Research Article

Hunting Increases Phosphorylation of Calcium/Calmodulin-Dependent Protein Kinase Type II in Adult Barn Owls

Figure 1

Experimental design. (a) Left, diagram of horizontal section through the L midbrain. Auditory information ascends through the core to the lateral shell of the central nucleus of the inferior colliculus (ICCls) where neurons tuned to distinct values of interaural time difference (ITD) are arranged topographically to form a map. ICCls neurons project to the external nucleus of the inferior colliculus (ICX) which contains a complete map of auditory space. Major postsynaptic targets in ICX are CaMKII+ space-specific neurons. In turn, these project to the optic tectum (OT) where the auditory map aligns with a visual map derived from retinotopic input: i20 = ipsilateral 20 degrees; c20 = contralateral 20 degrees. In both ICX and OT, ipsilateral space is represented in the rostral pole and contralateral space progressively towards the caudal pole. V = ventricle. Middle, auditory (dark oval) and visual (light circle) spatial receptive fields of a neuron in OT before prism mounting (top), immediately after mounting (middle), and two months later after full adaptation (bottom). The auditory spatial receptive field has reorganized to align with the optically displaced visual field.

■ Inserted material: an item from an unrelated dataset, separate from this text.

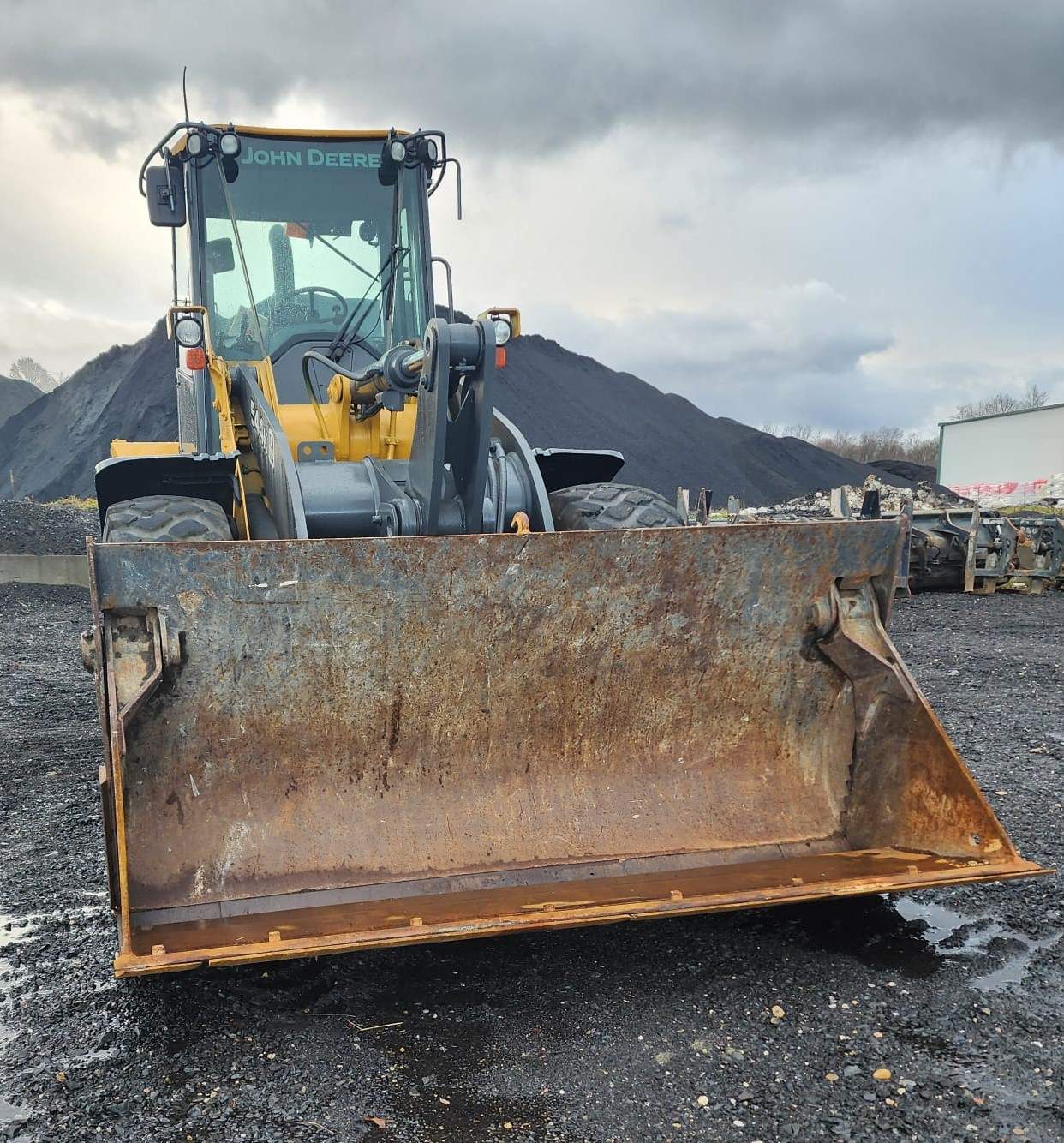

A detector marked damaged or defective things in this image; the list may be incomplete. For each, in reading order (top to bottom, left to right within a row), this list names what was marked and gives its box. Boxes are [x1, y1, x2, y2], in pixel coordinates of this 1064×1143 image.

rusty bucket [85, 518, 1046, 973]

The primary site of plasticity is the ICX. Right, hallmarks of instructive or permissive signals acting at the cellular level within ICX. Instructive signals are expected to produce bimodal effects distributed in patches across rostral ICX, depicted here as multicolor islands. Because prisms do not displace the peripheral visual field, no signal is expected in caudal ICX. In contrast, permissive signals are expected to act across the entire rostrocaudal extent, and with uniform effects at the cellular level, depicted here as constant shading. (b) Developmental timeline of physical features [28, 29] and hearing onset and maturation [30]. Plasticity in juveniles occurs readily with passive feeding on dead mice. After sexual maturity, plasticity in adults requires either active hunting or incremental training. (c) Four experimental groups used in this study: Ctrl (juveniles, no prisms, and active feeding), prism (juveniles, with prisms, and active feeding), passive (adults, with prisms, and passive feeding), and active (adults, with prisms, and active feeding). An example of successful hunting episode recorded with infrared videography is shown on the far right.